Up until this point we’ve been looking at the “minor” prophets from the Assyrian Crisis (Jonah, Amos, Hosea & Micah). Next week we’ll cover our first “major” prophet and the final prophet from this era in history: Isaiah.
Here are a few things to keep in mind:
The difference between “minor” and “major” prophets is quantity NOT quality. The minor prophets are NOT inferior nor are their messages less important. They are simply shorter books (i.e., With 14 chapters to his name, Hosea wrote the longest book among the minor prophets; Isaiah, by contrast, is 66 chapters long).
Is a long prophecy better than a short prophecy?
Hint: Most prophetic books are really collections of multiple prophecies preached over the lifetime of each prophet.

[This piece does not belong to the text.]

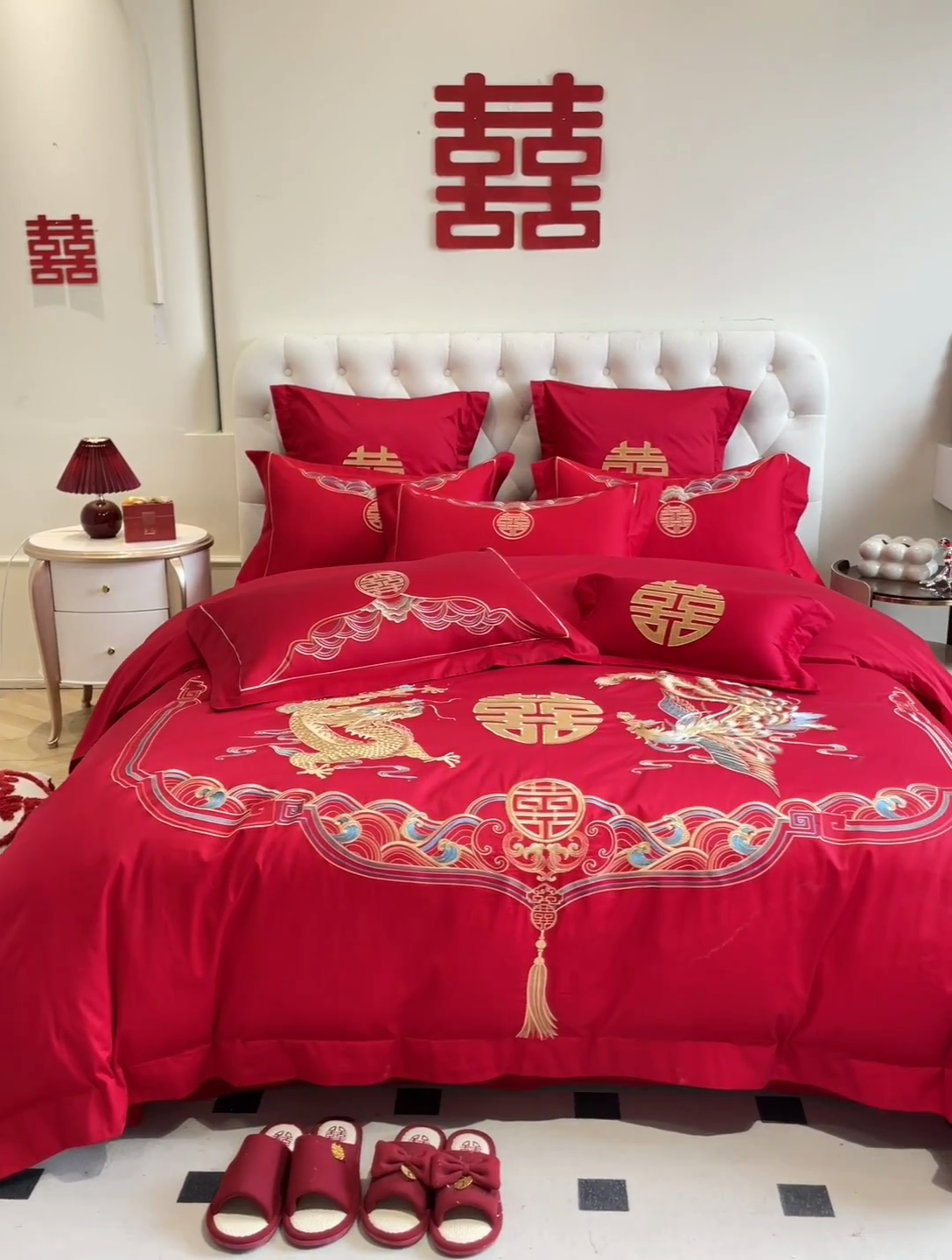 91家纺网 家纺一手货源 找家纺 欧乐蒂 2025新款亲肤棉婚庆刺绣四件套系列 龙凤瑞彩2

Don’t ignore the minor prophets. The minor prophets are just as important, just as inspired, just as relevant, and just as helpful as the major prophets. Many people (including preachers) neglect these books because they mistakenly think they aren’t important.
Short on time?
Hint: You can easily read entire books from the minor prophets in a single sitting.
Don’t be intimidated by the major prophets. Some people steer clear of the major prophets because of their length. Read the major prophets the same way you eat an elephant: one bite at a time. What’s your hurry, anyways?
Hint: Most prophets give the names of the kings who reigned during their ministry. Use a tool like biblegateway.com to search for other passages about those kings & their historical settings.
I cannot tell it all. Because of the length of the major prophets, I will have to summarize large blocks of material (like skipping a rock across the surface of the water). Do yourself a favor and dive into the deep end — read them for yourself!
Looking forward to my post about your favorite verse?
Hint: I’m going to intentionally skip the popular passages. Ha!